The opposition should find a way of creating programs and campaign
strategies that would give better hope to these civil servants that
Mugabe is feeding and using against the masses. Remember what happened
in Georgia…The police and the army ended up on the right side
of the struggle for a revolution. Zimbabwe’s scary armies
and policemen are no unmovable stone. Once the opposition finds
a language that addresses specifically them and their needs versus
what Mugabe is giving them, chances are that Mugabe could be up
for a great surprise. Thomas Paine, in his book, Rights of Man,
writes “For a nation to love liberty, it is sufficient
that she knows it; and to be free, it is sufficient that she wills
it”. Our people in Zimbabwe are now being driven
to ignorance against their rights to wish for freedom. The enemy
tyrant is now starving them into submission –– a case
in point recently reported by the Guardian newspaper of South Africa
dated, March 26, 2005 in an article titled: “Vote
for us or starve, Mugabe’s party tells villagers”,
one villager is quoted as saying "They said there is no way
they are going to give me food that belongs to Zanu PF unless I
repent by coming to join Zanu PF and denouncing the MDC,".

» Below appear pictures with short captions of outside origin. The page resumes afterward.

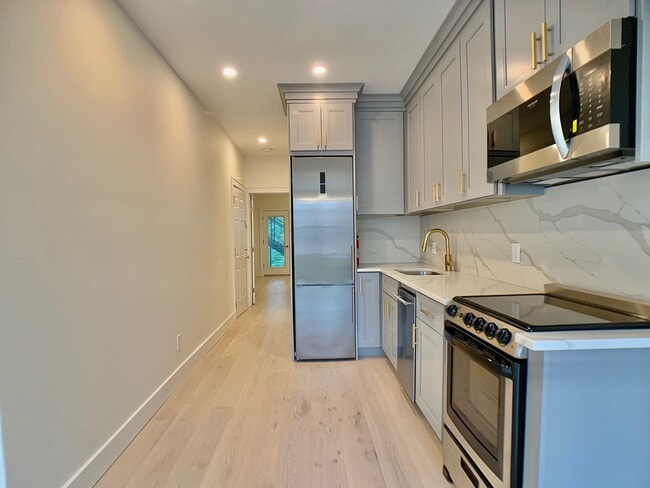 Building Photo - 310 Madison St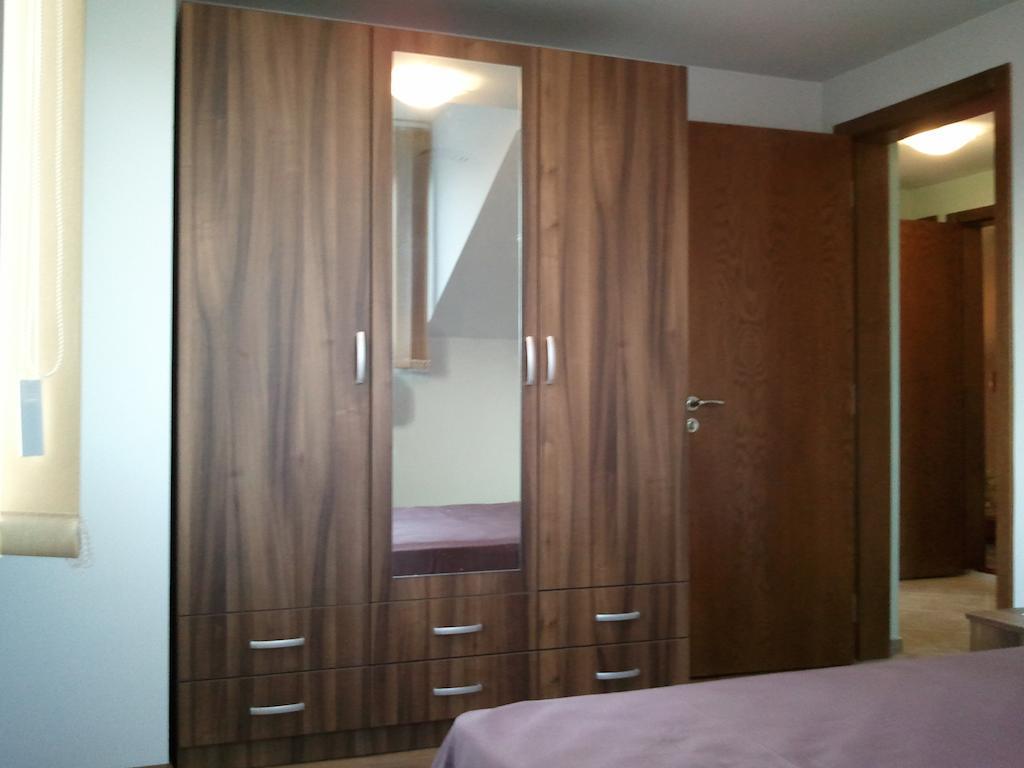 Vila Dva 3 Golden Sands Rum bild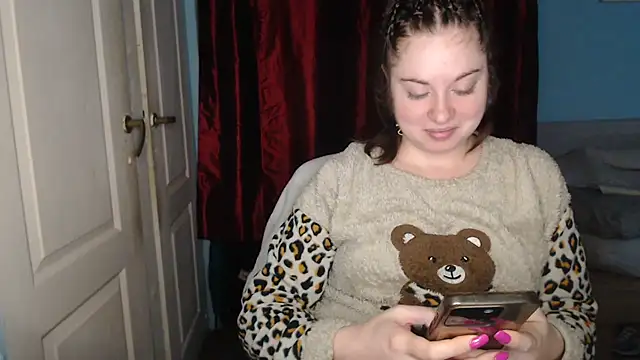 Snapshot of ryhhnnagold99 chatting on 12/13/25, 07:53 ryhhnnagold99 online show from 12/13/25, 07:53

This is just a drop in the ocean of the kind of abuses and other
perpetrations of violence that Mugabe and his Zanu PF rogues are
instilling upon innocent civilians of Zimbabwe. We now read and
see so often that people in Zimbabwe are now too caught up in the
struggle for survival that they have thrown the baby with the bath
water. Well painful as its sounds, and as it may be true, somebody
or some force has to revive the spirit of our people. Life
cannot be allowed to continue like this. When you find
people slowly submitting to inhumane standards of living as if after-all
it is really what they deserve. I was so pained and frustrated recently
when I spoke to a friend of mine back home and I asked him about
the accessibility of transportation from Mpopoma, a township in
Bulawayo to the city center and he said to me “Thabo! People
are walking” and in the local Ndebele language he added “sebekubona
kuyimfanelo ukuhamba ngenyawo”, meaning that they now see
it as normal to walk. The distance in this case is about a 20minutes
drive by car and it pained me to hear someone being made to walk
such distances everyday from 4am to work and back home at night,
sometimes with no hope of having a descent meal for super, saying
they now find it to be normal life.
In Zimbabwe’s case I also ask myself; what
has happened to the power of expatriates? Zimbabwe has an estimated
3,5 million citizens outside the country mainly because of fear
of persecution and the mismanaged economy’s free fall which
has resulted in the domino-like fall of all other public and private
services that people heavily depend on, e.g. hospitals, schools,
banks, transportation etc. Zimbabwe needs an upfront visionary political
party that will take up the millions of Zimbabwe’s electorate
which is outside the country to steer up a power base that will
ignite under Mugabe’s armpits. The will is with the
people, it’s just the driving force that’s lacking.
And the sooner these facts are realized by a serious opposition,
the sooner Mugabe will be most likely found hiding in an ant-hole
similar to what his common-practices friend, Sadam Hussein was found
in.
One last point to mention here is that, it
is very important for our people of Zimbabwe to be constantly reminded
that “What is happening to them is wrong and criminal and
they should never submit to it”. In the back of the mind,
there should always be that understanding and reminder that one
is being abused. It is then, that the will and power of rising up
will soon surface from within the masses.